Clustergrammer DataFrame Visualization Example

This example shows how to visualize a Pandas DataFrame using the Clustergrammer Jupyter Widget.



In [1]:

    
import numpy as np
import pandas as pd
from clustergrammer_widget import *

Generate a dataframe of random data with row and column labels



In [2]:

    
# generate random matrix
num_rows = 500
num_cols = 10
np.random.seed(seed=100)
mat = np.random.rand(num_rows, num_cols)

# make row and col labels
rows = range(num_rows)
cols = range(num_cols)
rows = [str(i) for i in rows]
cols = [str(i) for i in cols]

# make dataframe 
df = pd.DataFrame(data=mat, columns=cols, index=rows)

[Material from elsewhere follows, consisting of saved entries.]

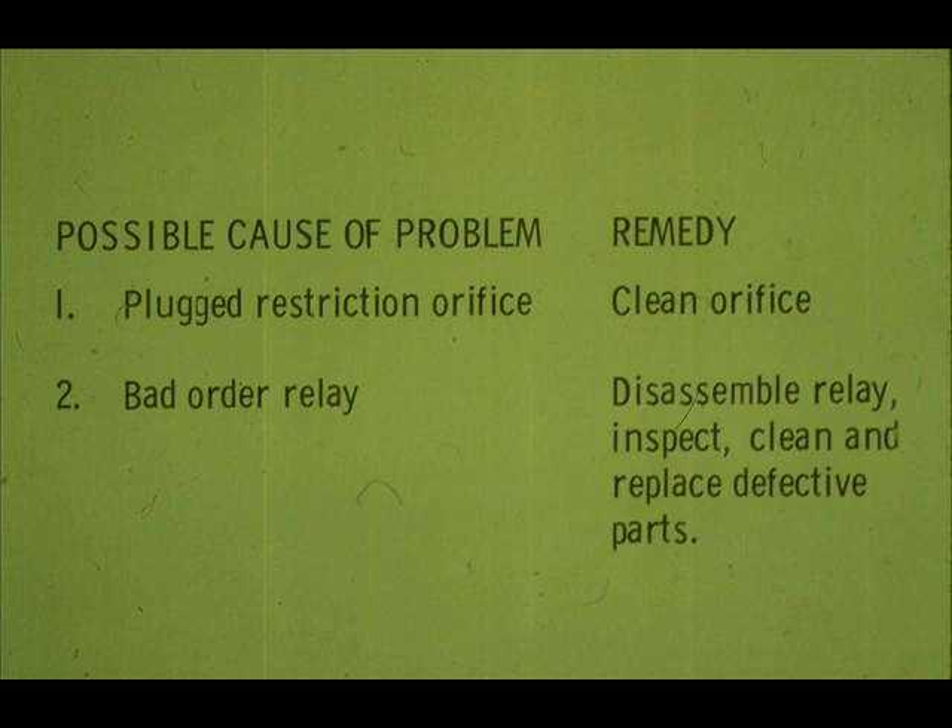We could have found and corrected the problem by disassembling the relay. But remember — look for the obvious first.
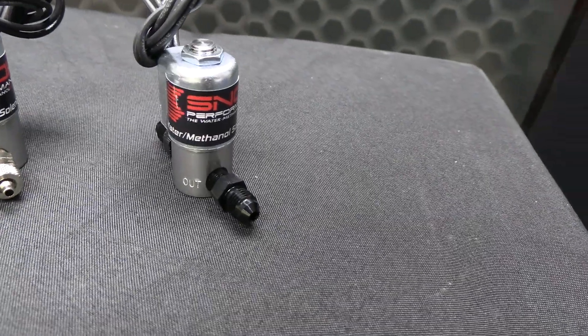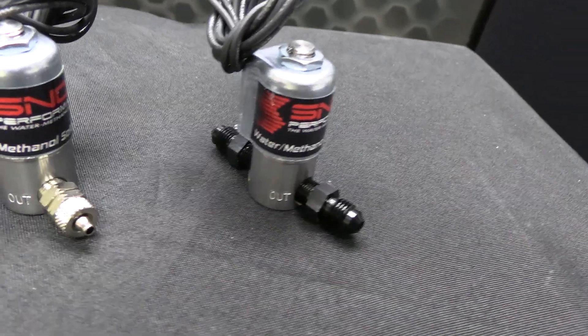Now let's discuss the second reason you would need a solenoid upgrade. The solenoid upgrade can be used to control a second stage of injection — and why would anybody want this? Well, with any stage 2.5,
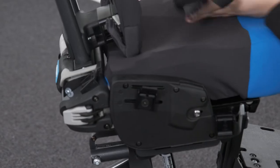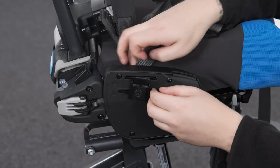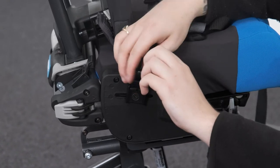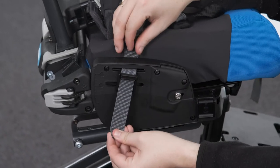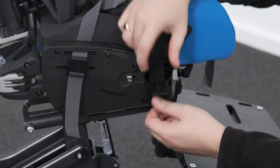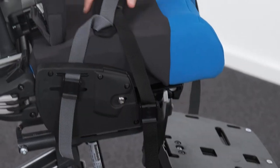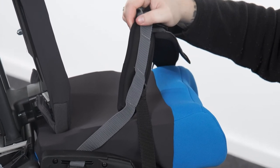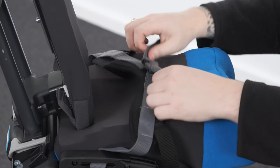Attaching the four-point belt. To attach the four-point belt, pass the grey webbing through the upper slot in the seat moulding and then through the cam buckle. Pass the black webbing through the cam buckle at the front. Pull the webbing taut and secure the cam buckles. Ensure the belt is orientated with padding facing towards the child. Attach the buckle at the front to secure the user.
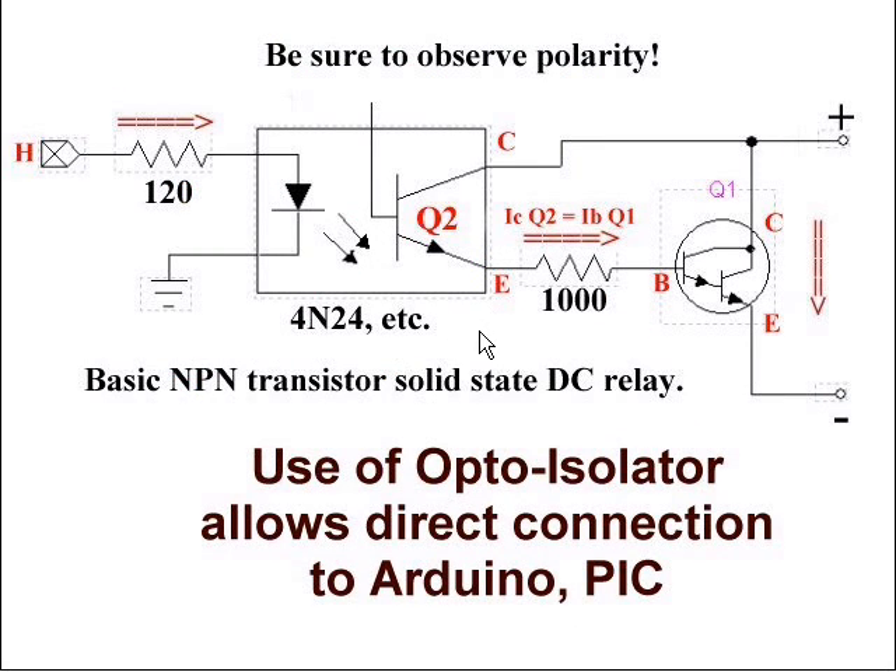Here is another variation of the same circuit, using an optocoupler instead of two transistors. An optocoupler allows me to connect directly to the microcontroller without having to deal with the high VCC problem getting into the Arduino or PIC and destroying them. A high will switch the internal infrared LED on, which will switch on Q2, creating a current flow collector-emitter to Q1 through a 1K resistor. The IC of Q2 in the optocoupler is the IB of Q1, Q1 switches on, and it creates a heavy current from collector to emitter.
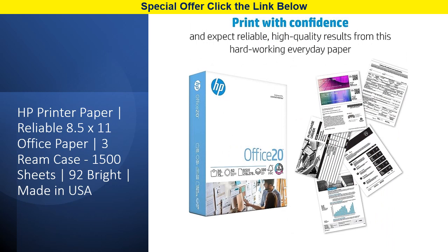Say goodbye to yellowing documents over time. Our acid-free paper guarantees a long-lasting appearance, perfect for archival purposes. Whether it's for everyday use, back-to-school projects, or small businesses, HP printer paper is the superior choice for all your printing needs. Trust in HP for excellence in every sheet.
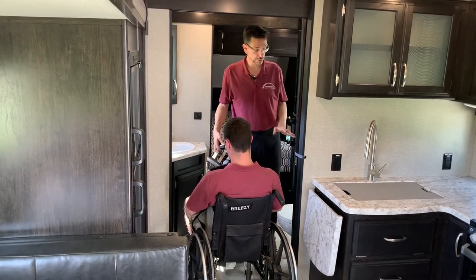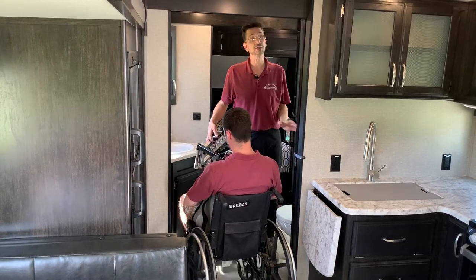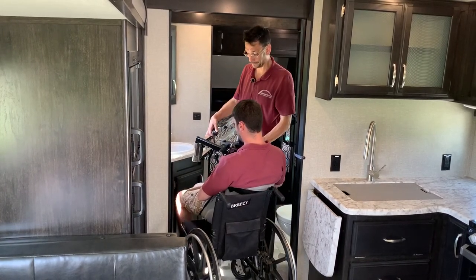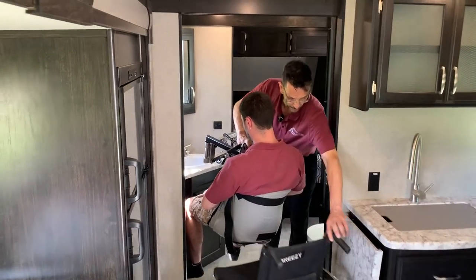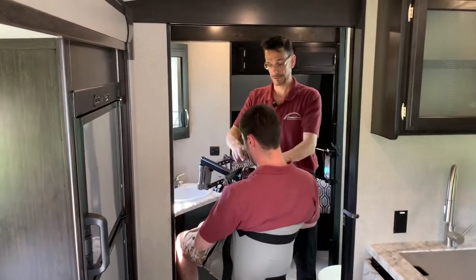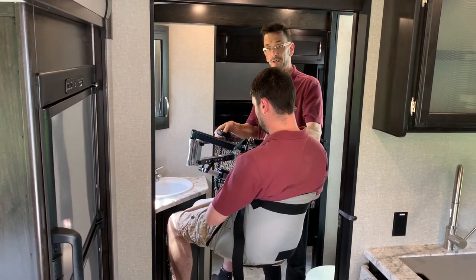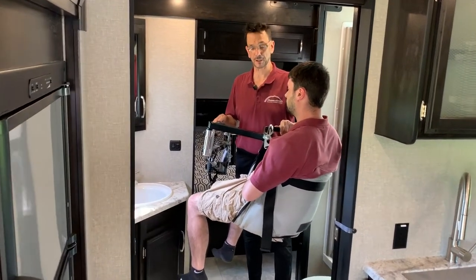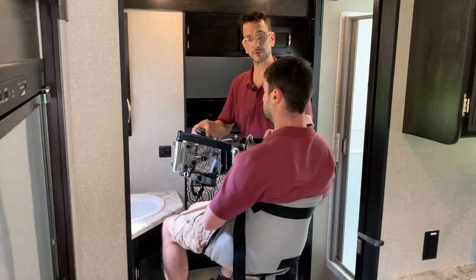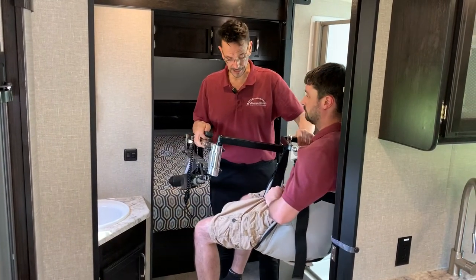Here we're going to show you how to transfer from the wheelchair onto the toilet, and then we're going to continue on into the bedroom. Moving toward the toilet now — you'll notice that with all the different joints we have here, we can move anywhere we want to go, turn, rotate — very easy operation.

Initialize the network object, load the dataframe, hierarchically cluster the rows and columns using default parameters, and finally visualize using clustergrammer_widget.



In [3]:

    
# initialize network object
net = Network(clustergrammer_widget)
# load dataframe
net.load_df(df)
# cluster using default parameters
net.cluster(enrichrgram=False)
# make the visualization
net.widget()

The network object can also be used to normalize and filter your data. Here we will Z-score normalize the columns and make an updated visualization.



In [4]:

    
net.normalize(axis='col', norm_type='zscore', keep_orig=True)
net.cluster(enrichrgram=False)
net.widget()

Here we will filter rows based on their sum. We will keep the top 20 rows based on their absolute value sum.



In [5]:

    
net.filter_N_top('row', 20, 'sum')
net.cluster(enrichrgram=False)
net.widget()



In [ ]: